“The LORD fighteth for them”
As resistance from the American colonists against the “long train of abuses” heaped upon them by the British crown increased, so did the British military’s efforts to quell it. The British had control of Boston, and its harbor, with its warships. General Washington, with the aid of heavy winter weather as cover, was able to move significant artillery toward Boston. On the night of March 2, 1775, he ordered 2000 of his troops and artillery to positions the Dorchester Heights above Boston. The weather was perfect for their endeavor, as a foggy haze hung thick and heavy over the city of Boston, but on the Heights above, the night was clear and moonlit.
Imagine the chagrin of His Majesty’s redcoats when they awoke next morning to see all the newly constructed rebel fortifications high above them. A British officer reported to a London newspaper: “They were all raised during the night, with an expediency equal to that of the genie belonging to Aladdin’s wonderful lamp. From these hills they command the whole town, so that we must drive them from their post, or desert the place.”

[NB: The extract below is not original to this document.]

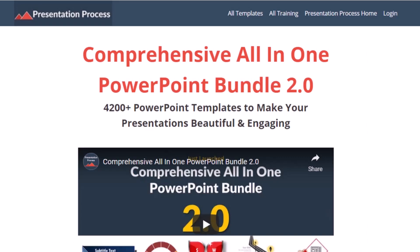By the way, link to our comprehensive all-in-one PowerPoint bundle is available in the description box below the video.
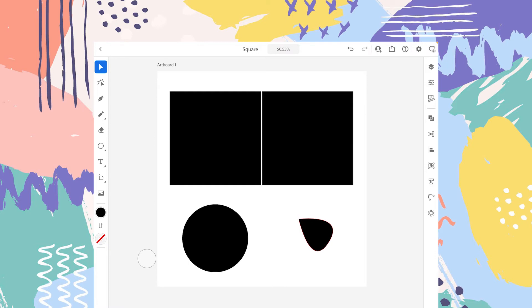Hey guys, welcome to Deslogic. This is the 17th video I have created for you guys on Adobe Illustrator for iPad. If you haven't checked out the previous videos, I will put the links in the description. So without further ado, let's get started.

British General Howe quickly decided to prepare to mount a nighttime attack, with his nearly ten thousand troops, as well as reinforcements expected from ships stationed in the harbor. With the overwhelming superiority in troops, weapons, and the mild weather, Howe planned a pre-dawn surprise attack. But there came in the night a dramatic, even miraculous change in the weather. Without warning, a fierce storm arose, so violent, many of the town’s windows were shattered, and fences were knocked down throughout the region.
Two of the British troop transport ships were blown into the shoreline, unable to deliver the assault force to its assigned destination. The gale blew fiercely across the crowded harbor, and with it, chaos ensued as ships were blown from their moorings. On the high ground above the port, driving sleet made the still frozen earth near the crest of Dorchester Heights virtually impassable. Howe had no choice but to call off his planned attack, which allowed the Americans to continue strengthening their own positions. Under a flag of truce General Howe told Washington he would evacuate the city and leave it standing if the Americans would agree not to fire upon the them as they left Boston for the ships in harbor.
Abigail Adams wrote to her husband John regarding the surrender of Boston, “The more I think of it the more amazed I am that they should leave such a harbor, such fortifications, such entrenchments, and that we should be in peaceable possession of a town which we expected would cost us a river of blood.”
Washington attended church services that Sunday, where Pastor Abiel Leonard preached from Exodus 14:25 – And took off their chariot wheels, that they drave them heavily: so that the Egyptians said, Let us flee from the face of Israel; for the LORD fighteth for them against the Egyptians.
General Washington freely acknowledged the intervention of the hand of God sending that fierce storm, in giving them the victory.